Don't turn a blind eye to para-athletes

Earlier this week, I stepped into the shoes of a blind person for a brief moment, when the organisers of the ASEAN Para Games (APG) hosted a meal with a difference, after a demonstration of two APG sports.

Some participants dined without the use of one or both hands, while I was blindfolded to simulate blindness.

I took some time to orientate myself, and to allow myself to be helped by a "caregiver" in getting my food from the buffet line, and told where each dish was placed on my plate.

I eventually took off my blindfold five minutes into the meal, having to return a text message, at which the coordinator said:

"You can easily take off your blindfold but, for our athletes, this is forever."

That struck a chord for me, and deepened my appreciation for the visually impaired people here.

Not many able-bodied people may have had the same experiences as my fellow participants and I, but I was actually heartened by the response that many had in the ASEAN Para Games transport debacle yesterday.

The fact that people are angry that our para-athletes might be treated as "second-class citizens" at the APG, compared to the SEA Games athletes, is a positive thing.

They worry about the physical challenge that these athletes face in negotiating fare gates at the MRT stations and the crowd in the trains; they fret over the mental states of these sportsmen before their competitions if they take public transport; they are concerned about people getting lost and turning up late for their events.

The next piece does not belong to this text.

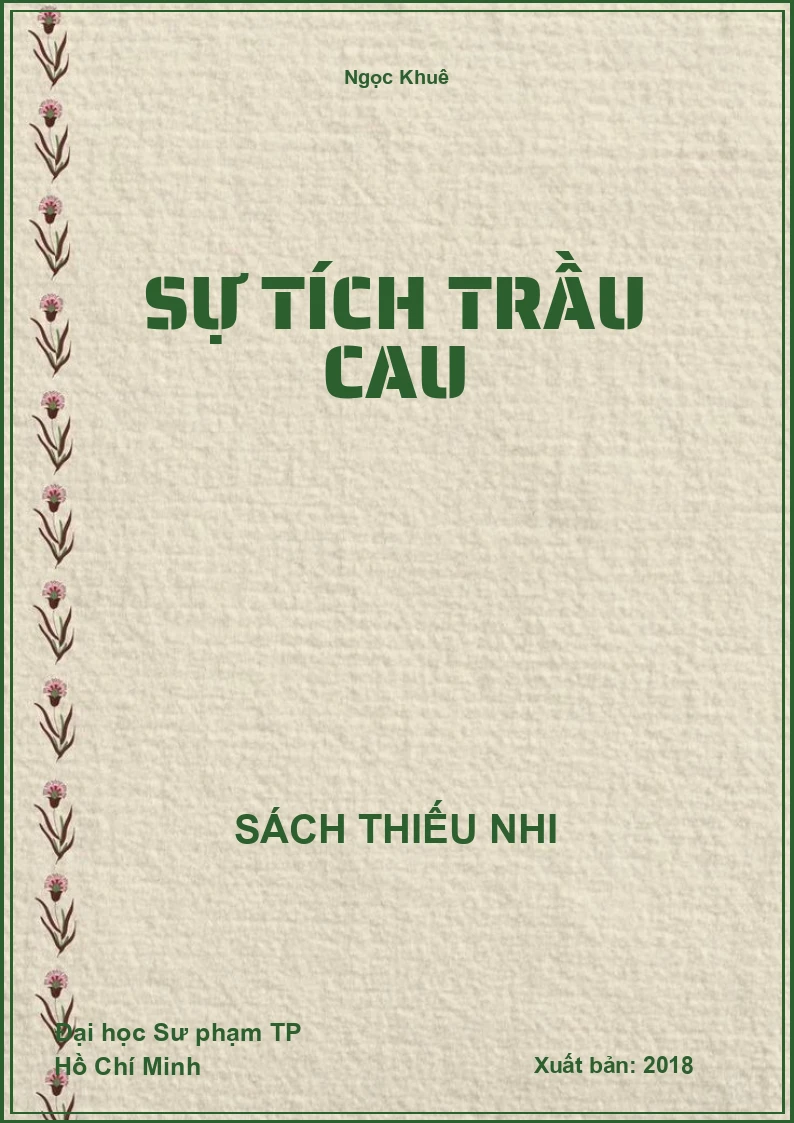 Sự tích trầu cau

In short, they empathise and care.

Despite what others might say about how "emotionless" Singaporeans are, we have shown our capacity to openly appreciate, support and care for one another this year - first, at the death of Singapore's founding Prime Minister Lee Kuan Yew, and then the sea of red at the SEA Games in June.

There is no reason, then, that we cannot do the same during the APG this December.

Yes, some may have no clue what sports like goalball and boccia are about, but the Games will be a perfect opportunity to learn and appreciate something new.

After all, one does not need to pay to watch any of the 15 sports, and there will be plenty for individuals and families to do at the Sports Hub and the Marina Bay Sands (MBS) - the two main areas of competition.

You may even get to interact with the APG athletes if they choose to take the MRT train between the MBS, where they are staying, and the Sports Hub.

Even if you are too shy, a smile, a pat on the back, a simple "good luck" or "good job" can go a long way in lifting their spirits after a bad day, or propelling them to perform above themselves.

After all, whether they are Paralympic champions, or Asian Para Games gold medallists, or debutants who have picked up a sport barely a year ago, they all have overcome their physical limitations to pursue greatness.

Regardless of their physical stature, they have slayed their personal demons to stand tall in sport.

With your help, they can become giants who deserve plaudits.